However, there is no participant who can successfully grasp all the objects in the experiment. For force feedback based grasping control, it is hard to grasp plastic bottle without deformation. The grasp force in robot hand is calculated by the strain gage properties. Since the finger itself has gravity, this torque value is not zero when the fingers close or open without load. So the grasp force cannot be distinguished when grasping materials of large elasticity in our system. When participant felt the force, the objects already had deformation. This also explained why the average of grasp forces for the flexible objects using force feedback based control are larger than the forces using visual feedback based control.

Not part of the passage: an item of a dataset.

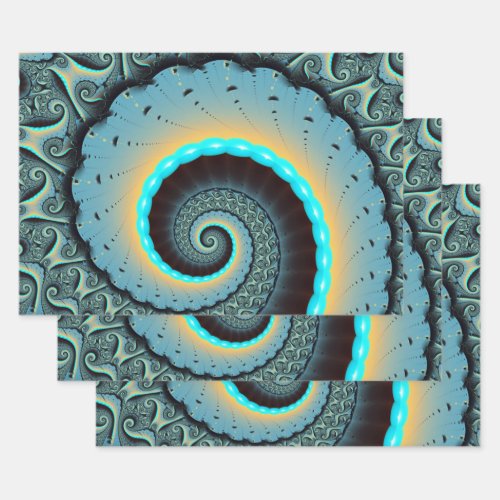 Abstract Blue Turquoise Orange Fractal Art Spiral Wrapping Paper Sheets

For visual feedback based grasping control, the problem of excessive grasp force is inevitable especially grasping stiff objects. Operator relies more on the force feedback to control the robot hand grasp force which is similar with human hand grasp. So the force feedback based control is necessary. For engineering application, the two feedback modes can be combined to complement each other.

4 Conclusion and Future Work

This paper presents a three-fingered robot hand teleoperation system to grasp objects in unstructured environment based on force feedback, by using desktop haptic device as the master manipulator. The grasp mapping and force feedback methods are developed for this system. In particular, we transform the grasp forces of the robot hand to one-dimensional feedback force in master side. The system is intuitive and easy-to-realize for robot hand teleoperation application.

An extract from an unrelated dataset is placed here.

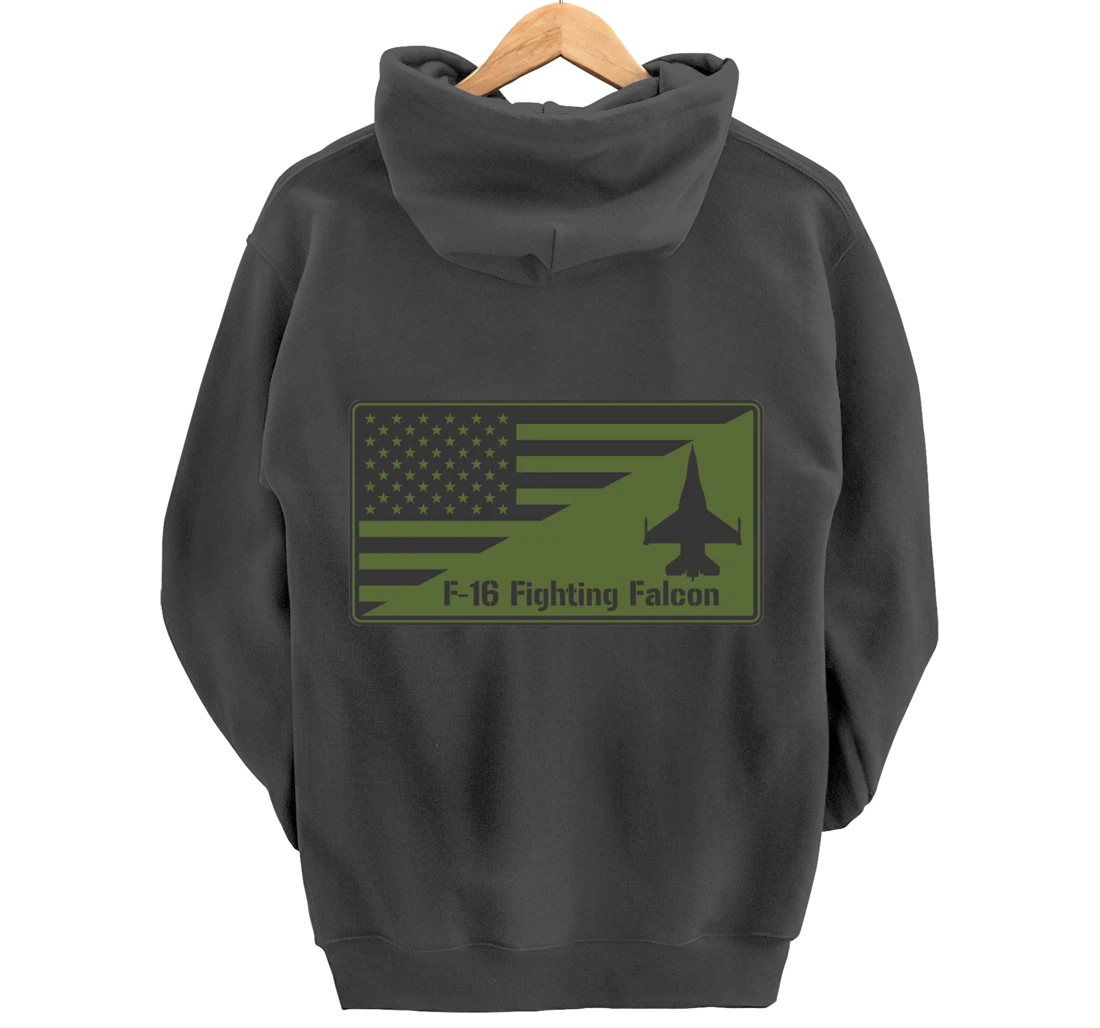 F-16 Fighting Falcon American Flag Patch Pullover Hoodie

To evaluate the effectiveness of our system, an experiment was conducted in which subjects were instructed to grasp 10 objects of different stiffness, based on force feedback and visual feedback respectively. Our results demonstrated that the subjects grasped a wide range of objects with a proper grasp force without slippage or damage by using the proposed three-fingered robot hand teleoperation system. The force feedback based grasping control was proved more reliable and effective compared with visual feedback based control. However, the results also showed that not all objects in the experiment can be safely grasped because of the effect of force feedback accuracy.

In future work, we will further evaluate the system on the effectiveness of distinguishing the objects with different materials and weights, and how difficult it is for operator to adapt this kind of force feedback. Furthermore, we are interested in the difference of grasp forces when people grasp objects with teleoperated robot hand and the bare hand. This will be an important basis to design proper force feedback to improve the transparence of robot hand teleoperation.